With due respect to the Court which decided the case we are of the opinion that the construction of a provision does not depend on different fact situations and while construing the provisions the fact whether the case of the petitioner under the New Ceiling Law was or was not considered under the Old Ceiling Law by virtue of the second proviso to sub-section (1) of Section 4, will not make any difference. In our opinion it is not permissible in law to interpret a section depending on different fact situation. We have already said earlier that both sub-sections (1) and (2) of Section 15 of the Act have been made to meet two different situations. Sub-section (1) will apply to a case decided under New Ceiling Law whereas the sub-section (2) of Section 15 will apply to a case which has been decided under Old Ceiling Law.

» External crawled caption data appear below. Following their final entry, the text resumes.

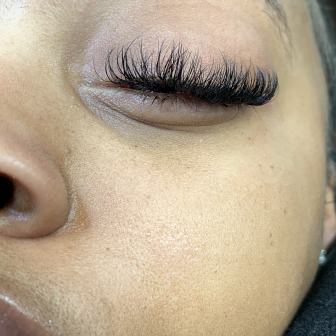 Volume fullset for JNicole_Artistry_LLC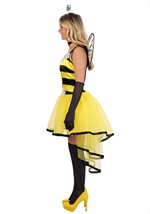 Womens Queen Bee Dress Costume Alt 3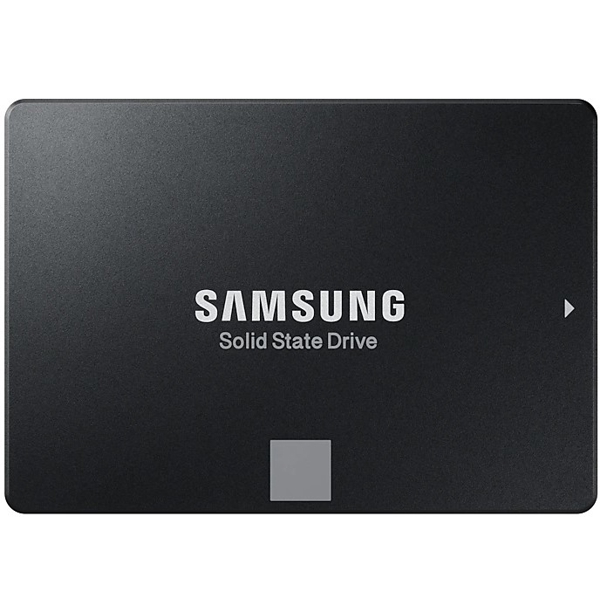 მყარი დისკი Samsung SSD 860 Evo 500GB 2.5" SATA III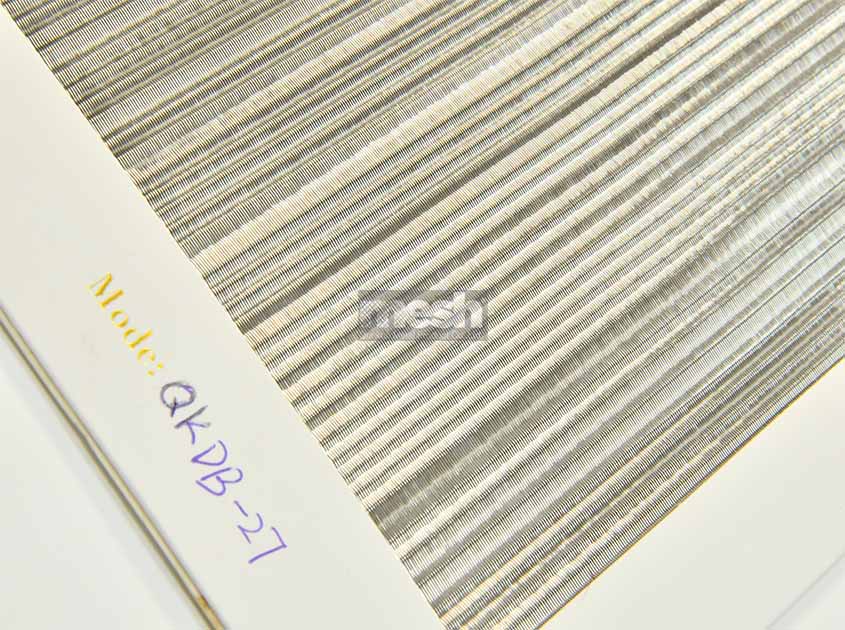 Discover the unique charm and value of woven Metal Interiors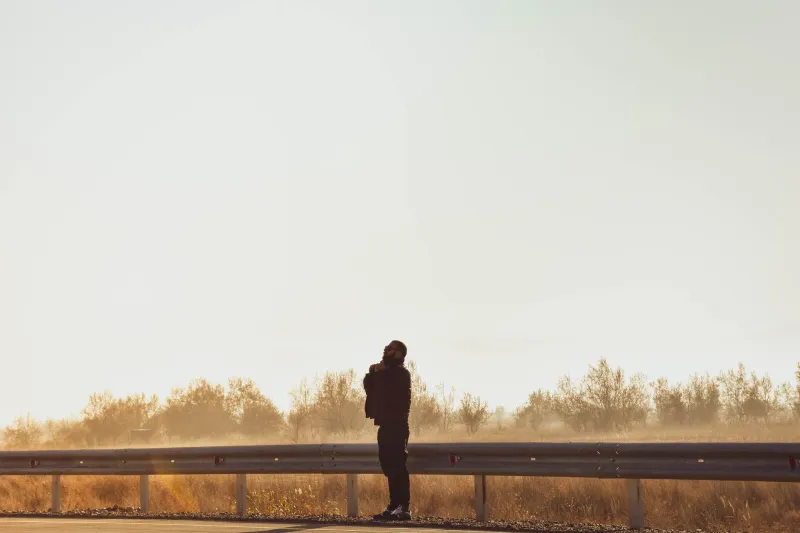 Rooted in Dread: When the Fear of Staying Put Becomes a Psychological Crisis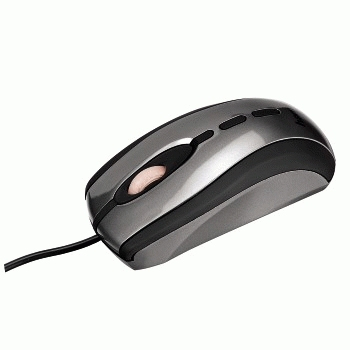 Hama Optical Mouse M322 – image 2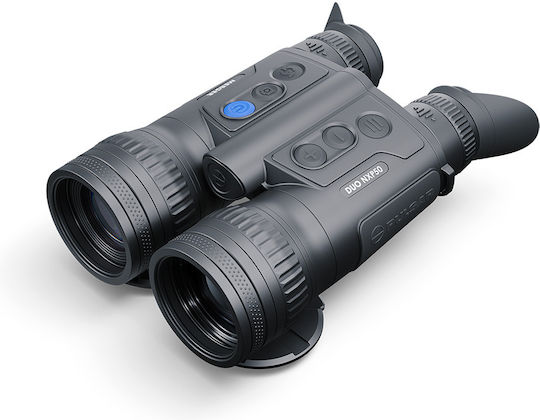 Pulsar Observation Binocular Night Vision & Thermal Imaging Merger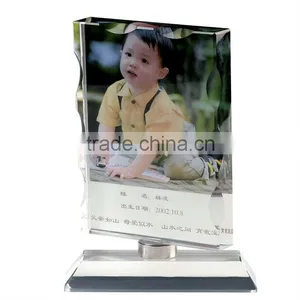 Latest Crystal Frame, Crystal Gifts, Crystal Crafts thumbnail-1
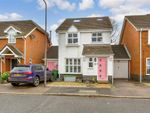 Thumbnail to rent in Downs Close, Headcorn, Kent
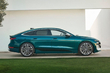 Test av Audi S6 Sportback e-tron: Elektrisk liftback med quattro foto 3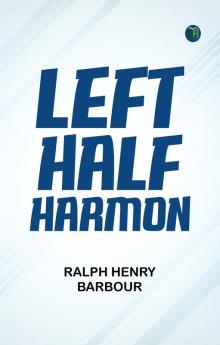 Left Half Harmon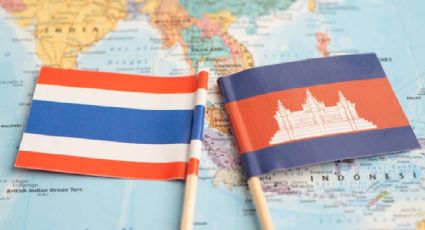 Tailandia y Camboya acuerdan un alto al fuego tras cinco días de ataques y 35 muertos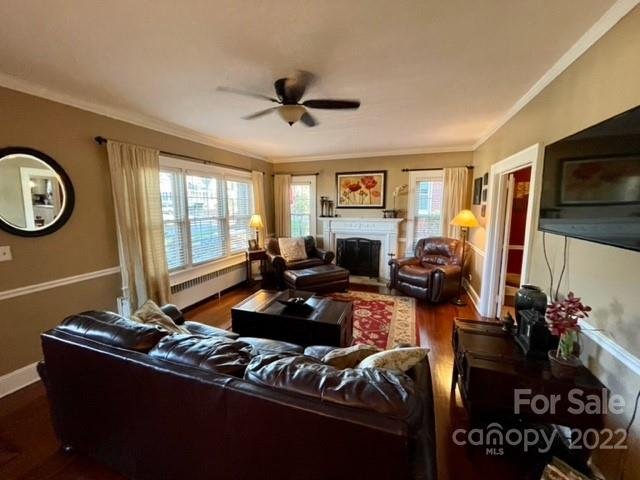 Property image 3 at 288 Sunset Drive, Concord, NC 28025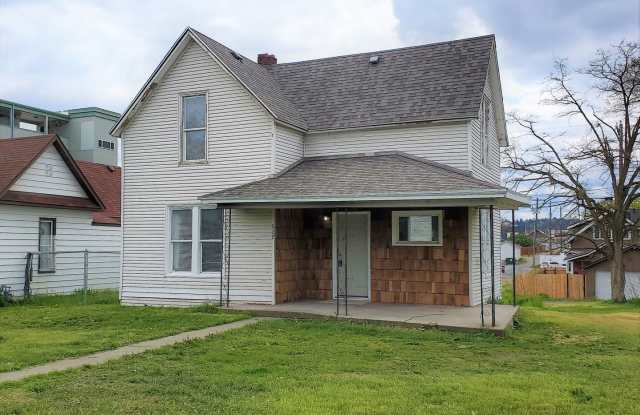 Fantastically updated Monroe District Area 3BR/1.5BA House photos photos Fantastically updated Monroe District Area 3BR/1.5BA House photos photos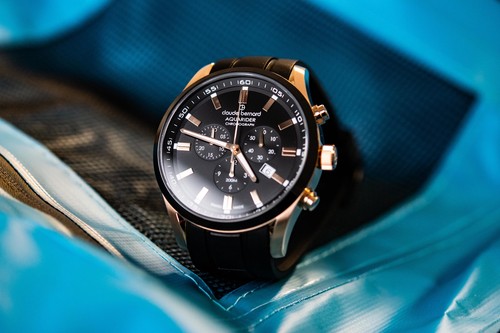 Claude bernard aquarider - claude,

Therefore, even if a case under the Old Ceiling Law as well as New Ceiling Law has been decided and no appeal or revision is pending, it will be open for the State Government to reopen a case decided under Old Ceiling Law by virtue of powers vested under sub-section (2) of Section 15 of the Act. We may state that the purpose of the ceiling laws is to determine the ceiling area and to take excess land. If within the period prescribed the State Government for the reasons contained in that sub-sections comes to the conclusion that the case decided under the Old Ceiling Law is in contravention of the provisions of that Act or any new evidence has been discovered then for reasons to be stated, it can reopen the case so decided. ( 10 ) IN our opinion the determination of the ceiling area and decision of the case both under the Old Ceiling Law as well as under the New Ceiling Law does not debar the State Government from reopening the case under sub-section (2) of Section 15 of the New Ceiling Law. ( 11 ) WE find no merit in the writ petition. It is dismissed. Petition dismissed.